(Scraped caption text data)
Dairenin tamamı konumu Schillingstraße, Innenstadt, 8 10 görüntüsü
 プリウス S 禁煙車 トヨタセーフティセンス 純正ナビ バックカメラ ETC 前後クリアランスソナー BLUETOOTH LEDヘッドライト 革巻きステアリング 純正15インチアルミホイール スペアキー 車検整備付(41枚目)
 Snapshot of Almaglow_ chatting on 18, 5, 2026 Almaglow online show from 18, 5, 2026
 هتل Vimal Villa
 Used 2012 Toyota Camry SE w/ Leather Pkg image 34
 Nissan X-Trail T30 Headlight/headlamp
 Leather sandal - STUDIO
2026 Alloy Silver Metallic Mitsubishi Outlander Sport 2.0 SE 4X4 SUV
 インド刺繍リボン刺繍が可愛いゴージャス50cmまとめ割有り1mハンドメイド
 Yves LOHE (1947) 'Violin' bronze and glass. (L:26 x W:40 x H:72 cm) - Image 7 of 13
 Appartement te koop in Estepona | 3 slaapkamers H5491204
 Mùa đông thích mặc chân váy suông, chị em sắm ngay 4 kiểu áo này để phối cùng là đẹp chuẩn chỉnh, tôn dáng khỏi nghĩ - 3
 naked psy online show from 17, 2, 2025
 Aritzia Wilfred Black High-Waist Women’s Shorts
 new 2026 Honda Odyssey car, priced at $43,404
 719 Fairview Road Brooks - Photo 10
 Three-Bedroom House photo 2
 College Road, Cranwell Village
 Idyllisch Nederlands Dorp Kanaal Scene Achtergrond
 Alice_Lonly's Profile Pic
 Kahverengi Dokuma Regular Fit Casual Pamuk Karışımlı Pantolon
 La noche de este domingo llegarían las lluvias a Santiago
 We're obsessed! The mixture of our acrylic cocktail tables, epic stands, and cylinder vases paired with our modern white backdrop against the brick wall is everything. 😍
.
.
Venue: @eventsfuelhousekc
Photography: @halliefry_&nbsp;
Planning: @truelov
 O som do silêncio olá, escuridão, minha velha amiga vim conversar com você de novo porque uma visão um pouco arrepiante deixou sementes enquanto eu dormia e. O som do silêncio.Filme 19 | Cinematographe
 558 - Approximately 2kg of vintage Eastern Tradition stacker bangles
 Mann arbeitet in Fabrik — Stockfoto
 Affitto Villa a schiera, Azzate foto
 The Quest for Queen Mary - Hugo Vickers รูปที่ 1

> [Work order]: Once you have read the records above, write them all out exactly.

> [Exercise solution]:
Dairenin tamamı konumu Schillingstraße, Innenstadt, 8 10 görüntüsü
 プリウス S 禁煙車 トヨタセーフティセンス 純正ナビ バックカメラ ETC 前後クリアランスソナー BLUETOOTH LEDヘッドライト 革巻きステアリング 純正15インチアルミホイール スペアキー 車検整備付(41枚目)
 Snapshot of Almaglow_ chatting on 18, 5, 2026 Almaglow online show from 18, 5, 2026
 هتل Vimal Villa
 Used 2012 Toyota Camry SE w/ Leather Pkg image 34
 Nissan X-Trail T30 Headlight/headlamp
 Leather sandal - STUDIO
2026 Alloy Silver Metallic Mitsubishi Outlander Sport 2.0 SE 4X4 SUV
 インド刺繍リボン刺繍が可愛いゴージャス50cmまとめ割有り1mハンドメイド
 Yves LOHE (1947) 'Violin' bronze and glass. (L:26 x W:40 x H:72 cm) - Image 7 of 13
 Appartement te koop in Estepona | 3 slaapkamers H5491204
 Mùa đông thích mặc chân váy suông, chị em sắm ngay 4 kiểu áo này để phối cùng là đẹp chuẩn chỉnh, tôn dáng khỏi nghĩ - 3
 naked psy online show from 17, 2, 2025
 Aritzia Wilfred Black High-Waist Women’s Shorts
 new 2026 Honda Odyssey car, priced at $43,404
 719 Fairview Road Brooks - Photo 10
 Three-Bedroom House photo 2
 College Road, Cranwell Village
 Idyllisch Nederlands Dorp Kanaal Scene Achtergrond
 Alice_Lonly's Profile Pic
 Kahverengi Dokuma Regular Fit Casual Pamuk Karışımlı Pantolon
 La noche de este domingo llegarían las lluvias a Santiago
 We're obsessed! The mixture of our acrylic cocktail tables, epic stands, and cylinder vases paired with our modern white backdrop against the brick wall is everything. 😍
.
.
Venue: @eventsfuelhousekc
Photography: @halliefry_&nbsp;
Planning: @truelov
 O som do silêncio olá, escuridão, minha velha amiga vim conversar com você de novo porque uma visão um pouco arrepiante deixou sementes enquanto eu dormia e. O som do silêncio.Filme 19 | Cinematographe
 558 - Approximately 2kg of vintage Eastern Tradition stacker bangles
 Mann arbeitet in Fabrik — Stockfoto
 Affitto Villa a schiera, Azzate foto
 The Quest for Queen Mary - Hugo Vickers รูปที่ 1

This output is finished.